Эта чистка не коснулась фалангистских «ультра», для которых нацистская Германия была образцом решения всех внутренних и внешних проблем. «В этой группе господствовало представление о том, что все беды и недостатки в Испании, включая нищету и социальную несправедливость, происходят главным образом из-за влияния в прошлом англо-французской ориентации, — отмечал Ридруехо, сам когда-то входивший в эту группу. — С победой держав «оси» связывалось создание единой Европы, независимой и могучей, в которой Испания (неизвестно только каким образом) сможет играть важную роль»[896]. С этой группой постоянно поддерживали тесную связь агенты VI отдела гитлеровского Главного управления имперской безопасности, которые умело подогревали пронацистские настроения ее членов. Именно в этой среде и возник заговор, кульминационным пунктом которого стал инцидент в Бильбао 14 августа 1942 г.

После окончания мессы в церкви св. девы Бегоньи в память традиционалистов, павших во время гражданской войны, ветераны-карлисты устроили своеобразную демонстрацию, выкрикивая: «Да здравствует король!» В ответ фалангист Домингес бросил ручную гранату туда, где стоял военный министр Варела, карлист, старый враг фаланги и к тому же, по твердому убеждению гитлеровских агентов, англофил. Шесть человек из свиты Варелы были ранены, но сам он остался жив. Франко прервал традиционное турне по провинциям, возвратился в Мадрид и потребовал немедленного расследования.

Августовские события оказались для Франко весьма своевременными. Летом 1942 г. правящие круги сочли необходимым перейти к постепенной внешнеполитической переориентации. Именно с Суньером у руководителей США и Англии ассоциировалось проведение открытой прогерманской и пронацистской линии, и Франко, воспользовавшись тем, что во время следствия были выявлены связи Суньера с заговорщиками, дал ему отставку. После этого фаланга утратила возможность оказывать непосредственное воздействие на внешнеполитический курс, но внутри страны ее позиции не были поколеблены. Более того, именно в эти годы возрастает роль фаланги в системе франкистского государства.

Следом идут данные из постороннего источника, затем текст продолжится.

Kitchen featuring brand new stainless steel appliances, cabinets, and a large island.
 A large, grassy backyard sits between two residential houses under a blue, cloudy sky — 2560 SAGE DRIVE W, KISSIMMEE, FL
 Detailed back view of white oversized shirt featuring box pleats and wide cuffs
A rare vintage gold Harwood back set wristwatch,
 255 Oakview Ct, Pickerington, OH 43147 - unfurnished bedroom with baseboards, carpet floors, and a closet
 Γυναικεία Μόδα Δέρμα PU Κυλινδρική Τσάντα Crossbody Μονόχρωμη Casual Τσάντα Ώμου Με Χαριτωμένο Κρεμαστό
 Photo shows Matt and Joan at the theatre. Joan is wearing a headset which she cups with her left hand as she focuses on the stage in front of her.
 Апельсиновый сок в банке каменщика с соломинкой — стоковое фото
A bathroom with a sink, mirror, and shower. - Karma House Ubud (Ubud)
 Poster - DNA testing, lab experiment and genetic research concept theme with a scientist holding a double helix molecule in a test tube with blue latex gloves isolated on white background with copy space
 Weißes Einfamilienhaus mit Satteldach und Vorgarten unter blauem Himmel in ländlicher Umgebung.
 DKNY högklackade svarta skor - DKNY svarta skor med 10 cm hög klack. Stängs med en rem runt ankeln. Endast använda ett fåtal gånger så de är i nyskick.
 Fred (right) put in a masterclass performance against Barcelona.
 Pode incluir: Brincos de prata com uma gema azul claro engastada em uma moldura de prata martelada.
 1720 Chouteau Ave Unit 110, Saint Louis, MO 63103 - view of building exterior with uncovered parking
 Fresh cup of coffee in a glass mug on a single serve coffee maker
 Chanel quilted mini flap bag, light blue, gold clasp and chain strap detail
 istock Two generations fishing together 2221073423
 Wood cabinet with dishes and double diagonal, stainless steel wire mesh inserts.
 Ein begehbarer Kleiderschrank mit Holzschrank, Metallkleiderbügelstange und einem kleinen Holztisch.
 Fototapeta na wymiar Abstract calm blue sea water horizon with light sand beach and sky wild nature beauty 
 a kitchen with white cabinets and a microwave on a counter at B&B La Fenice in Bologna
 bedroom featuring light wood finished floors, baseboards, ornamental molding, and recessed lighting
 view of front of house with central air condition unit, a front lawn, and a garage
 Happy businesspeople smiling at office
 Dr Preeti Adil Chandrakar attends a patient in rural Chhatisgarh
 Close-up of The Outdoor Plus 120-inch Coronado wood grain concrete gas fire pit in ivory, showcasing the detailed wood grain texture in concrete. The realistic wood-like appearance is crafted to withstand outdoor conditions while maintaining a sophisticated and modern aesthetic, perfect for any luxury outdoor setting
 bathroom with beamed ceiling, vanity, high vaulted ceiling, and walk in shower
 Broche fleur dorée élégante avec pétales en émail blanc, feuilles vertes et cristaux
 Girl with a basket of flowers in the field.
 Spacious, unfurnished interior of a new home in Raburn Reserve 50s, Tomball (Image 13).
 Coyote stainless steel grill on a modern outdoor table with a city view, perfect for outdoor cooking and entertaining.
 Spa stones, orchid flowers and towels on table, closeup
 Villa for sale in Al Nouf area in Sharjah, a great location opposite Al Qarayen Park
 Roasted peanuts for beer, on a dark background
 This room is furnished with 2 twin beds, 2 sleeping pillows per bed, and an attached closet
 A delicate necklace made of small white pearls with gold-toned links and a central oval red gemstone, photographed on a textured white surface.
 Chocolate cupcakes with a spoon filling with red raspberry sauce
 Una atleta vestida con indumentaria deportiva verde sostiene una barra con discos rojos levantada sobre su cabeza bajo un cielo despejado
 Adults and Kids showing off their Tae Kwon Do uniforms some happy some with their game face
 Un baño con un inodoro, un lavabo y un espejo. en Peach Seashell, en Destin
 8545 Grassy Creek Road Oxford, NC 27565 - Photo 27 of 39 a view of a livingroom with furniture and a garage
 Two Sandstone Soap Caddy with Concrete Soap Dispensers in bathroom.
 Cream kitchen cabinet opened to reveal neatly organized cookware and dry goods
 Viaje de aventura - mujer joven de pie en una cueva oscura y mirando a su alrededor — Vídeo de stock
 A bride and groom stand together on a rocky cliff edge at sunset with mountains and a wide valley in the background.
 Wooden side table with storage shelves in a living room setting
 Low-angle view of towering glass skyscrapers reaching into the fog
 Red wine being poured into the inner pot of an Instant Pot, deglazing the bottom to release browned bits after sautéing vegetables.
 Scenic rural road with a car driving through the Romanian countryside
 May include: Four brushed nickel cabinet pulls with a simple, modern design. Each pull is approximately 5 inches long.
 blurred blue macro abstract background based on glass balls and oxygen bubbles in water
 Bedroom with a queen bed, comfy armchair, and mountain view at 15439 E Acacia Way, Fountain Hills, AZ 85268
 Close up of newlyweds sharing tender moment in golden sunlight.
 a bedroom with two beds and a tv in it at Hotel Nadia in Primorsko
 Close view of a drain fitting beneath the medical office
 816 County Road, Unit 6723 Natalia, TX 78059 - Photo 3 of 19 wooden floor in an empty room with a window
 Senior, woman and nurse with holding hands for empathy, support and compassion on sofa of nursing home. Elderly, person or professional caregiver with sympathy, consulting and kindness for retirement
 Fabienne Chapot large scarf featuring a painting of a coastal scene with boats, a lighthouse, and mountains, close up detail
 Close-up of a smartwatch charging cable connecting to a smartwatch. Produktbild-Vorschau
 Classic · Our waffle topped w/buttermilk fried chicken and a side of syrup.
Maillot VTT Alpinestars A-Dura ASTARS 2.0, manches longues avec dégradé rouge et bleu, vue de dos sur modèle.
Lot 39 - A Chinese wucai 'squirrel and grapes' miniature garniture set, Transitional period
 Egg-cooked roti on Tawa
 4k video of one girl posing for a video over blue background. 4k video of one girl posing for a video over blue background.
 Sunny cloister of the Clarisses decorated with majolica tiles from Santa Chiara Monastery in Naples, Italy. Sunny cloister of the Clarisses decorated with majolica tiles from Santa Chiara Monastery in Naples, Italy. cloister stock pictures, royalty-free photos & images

17 июля 1942 г. Франко, выступая с традиционной речью перед Национальным советом фаланги, с раздражением говорил о «нечестном и нелояльном поведении некоторых испанцев»[897]. На неизбежность существования «весьма значительного, хотя и скрытого, течения против Франко»[898] неоднократно обращали внимание мадридские корреспонденты западноевропейских газет, аккредитованные в «нейтральной» Испании. «Большинство населения неизменно остается «красным», хотя между отдельными группами «красных» существуют глубокие расхождения», — отмечал 12 июня 1942 г. корреспондент цюрихской газеты «Ди Вельтвохе». Для автора статьи «красными» были все, кто не смирился с фашизмом.

В горах Андалусии, Астурии и Леона продолжали действовать партизанские отряды, созданные там сразу после захвата франкистами этих областей в годы гражданской войны. Коммунистическая партия Испании поддерживала связь с партизанами. По сравнению с другими запрещенными политическими партиями ей удалось добиться наибольших успехов в создании сети нелегальных организаций. «Испанских коммунистов насчитывалось не очень много, но они были единственной группой в Испании... которую отличала хорошая организованность и дисциплинированность», — отмечал посол США в Испании К. Хейс[899].